§ Information provided:

· · · · · · ·

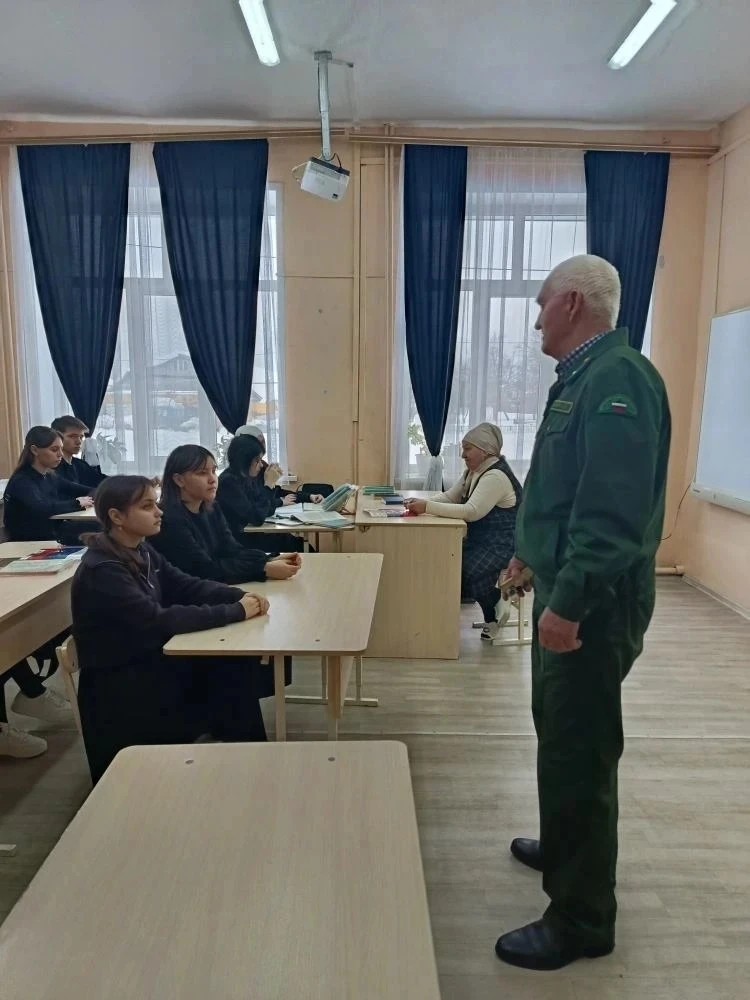Мастер леса Краснооктябрьского - Канаевского участкового лесничества Анвяр Дашкин прове...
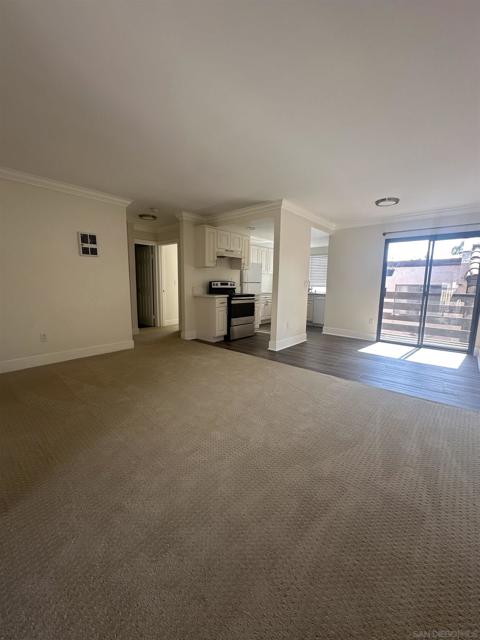 1002 30Th St, San Diego CA: https://media.crmls.org/mediaz/00c89fb6-1387-4bff-9e95-e6b9102ec8f9.jpg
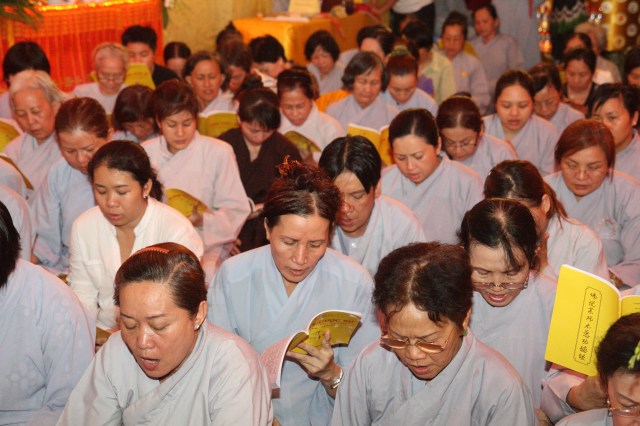 Chùm ảnh: Lễ hoàn đàn Dược Sư Thất Châu 3 ngày tại chùa Huệ Quang - Q. 10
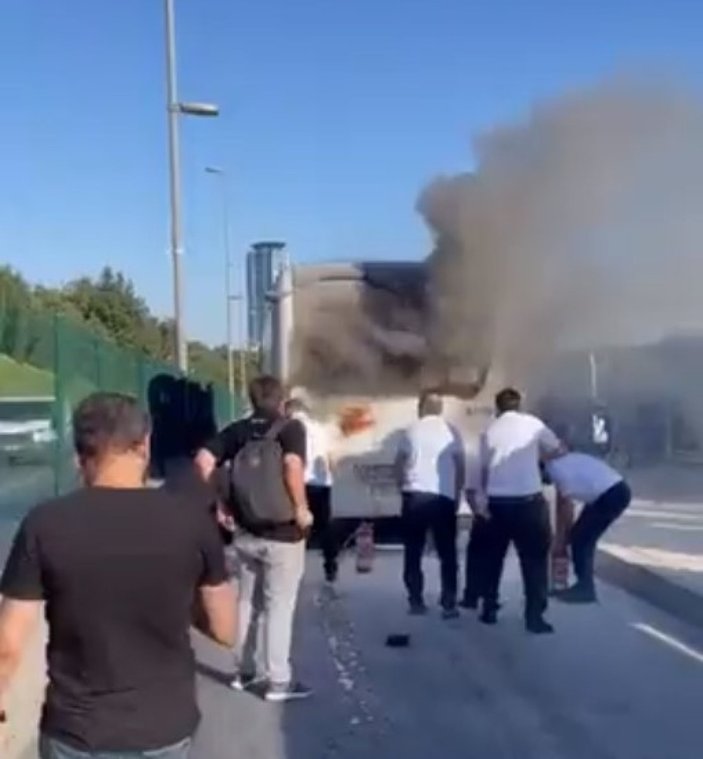 Kadıköy'de bir metrobüsün motor kısmında yangın çıktı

· · · · · · ·

§ Exercise aim:
Would you please write out exactly the lines between the line containing "1002 30Th St, San" and the last line of the listing above, inclusive, without pictures?

§ Exercise result:
 1002 30Th St, San Diego CA: https://media.crmls.org/mediaz/00c89fb6-1387-4bff-9e95-e6b9102ec8f9.jpg
 Chùm ảnh: Lễ hoàn đàn Dược Sư Thất Châu 3 ngày tại chùa Huệ Quang - Q. 10
 Kadıköy'de bir metrobüsün motor kısmında yangın çıktı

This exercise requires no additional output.